Love your design and sculpting!


----------



## morena_mama (Aug 25, 2011)

Gorgeous!


----------



## falldowngobump (Aug 25, 2011)

Beautiful!!!


----------



## judymoody (Aug 25, 2011)

OMG, are you sure this is your fourth batch?  This is just stunning, love the mounded Lyn-style top.  You're a natural!


----------



## Bama (Aug 25, 2011)

Beautiful. Your giving me some great ideas


----------



## AmyW (Aug 25, 2011)

Yummy! I enjoying making soap but I'm not overly creative with making it look as nice as it feels (and the times I've tried, they don't end up like I envisioned). You have a natural creativity!


----------



## janie (Aug 25, 2011)

Great looking soap.  I love the poppy seeds in it.


----------



## Sunny (Aug 25, 2011)

umm holy wow. ive made (what i consider to be) tons of soap and never had a batch this pretty and fun! you are amazing!


----------



## nattynoo (Aug 25, 2011)

Dotty, just have a go with the goats milk. I reduce the amount of water I use for my lye and make up the rest of the water with goats milk. The goatsmilk powder is really easy to use as well. I make a milky slurry with the powder and add it after I mix my oils and lye together. Make sure it has no lumps if you use this method. And of course there is the icey method. I don't do this as I just couldn't be bothered frigging around with but thats just me of course.


----------



## dOttY (Aug 25, 2011)

Thanks everyone!  I appreciate the feedback xo


----------



## LauraHoosier (Aug 26, 2011)

Another awesome batch Dotty!  Looks great!


----------



## JackiK (Aug 26, 2011)

dOttY said:
			
		

> I so want to give GoatsMilk a go, but I'M SCARED!
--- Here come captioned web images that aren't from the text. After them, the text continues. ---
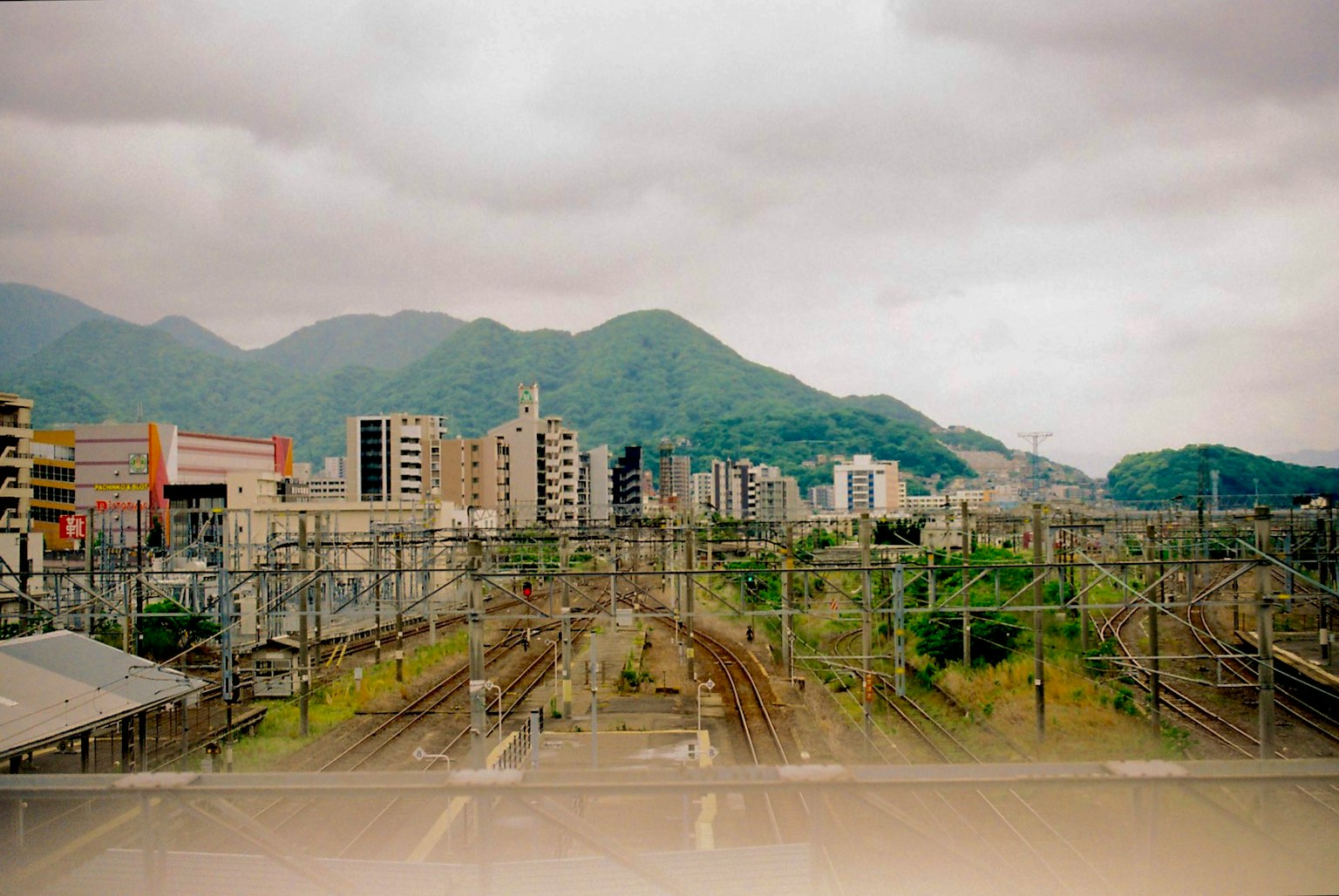 风景秀丽的铁路景观，背景有山脉和城市天际线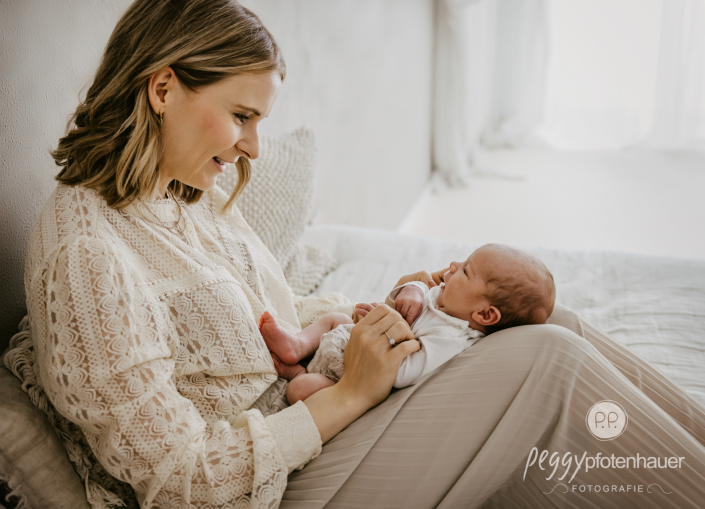 Mama hat Newborn auf Schoss und schaut es glücklich an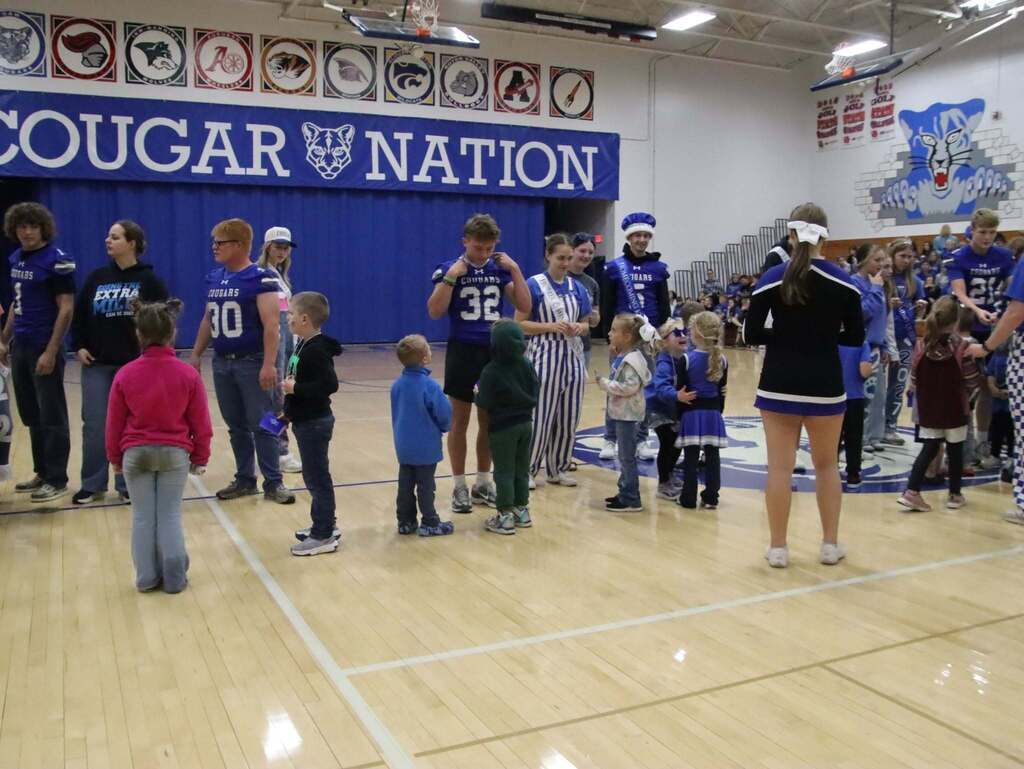 Senior class giving Kindergarteners a gift in the gym during the pep rally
There is nothing to fear but fear itself - Franklin D. Roosevelt.

Go for it


----------



## Lynnz (Aug 26, 2011)

Great soap Dotti you would think you were a long time soaper!!!!!!


----------



## llineb (Aug 26, 2011)

Super  8) !


----------



## dOttY (Aug 27, 2011)

Thanks everyone!  Your kind words mean a lot!


----------



## Bubbly Buddha (Aug 27, 2011)

Beautiful!!  Really inspiring!


----------



## saltydog (Aug 27, 2011)

Lovely, just oh so lovely!!
I wish I had a scratch n sniff computer screen  :wink:


----------



## DMCC (Aug 27, 2011)

I love the color of your watermelon soap!  So pretty.  Great job!


----------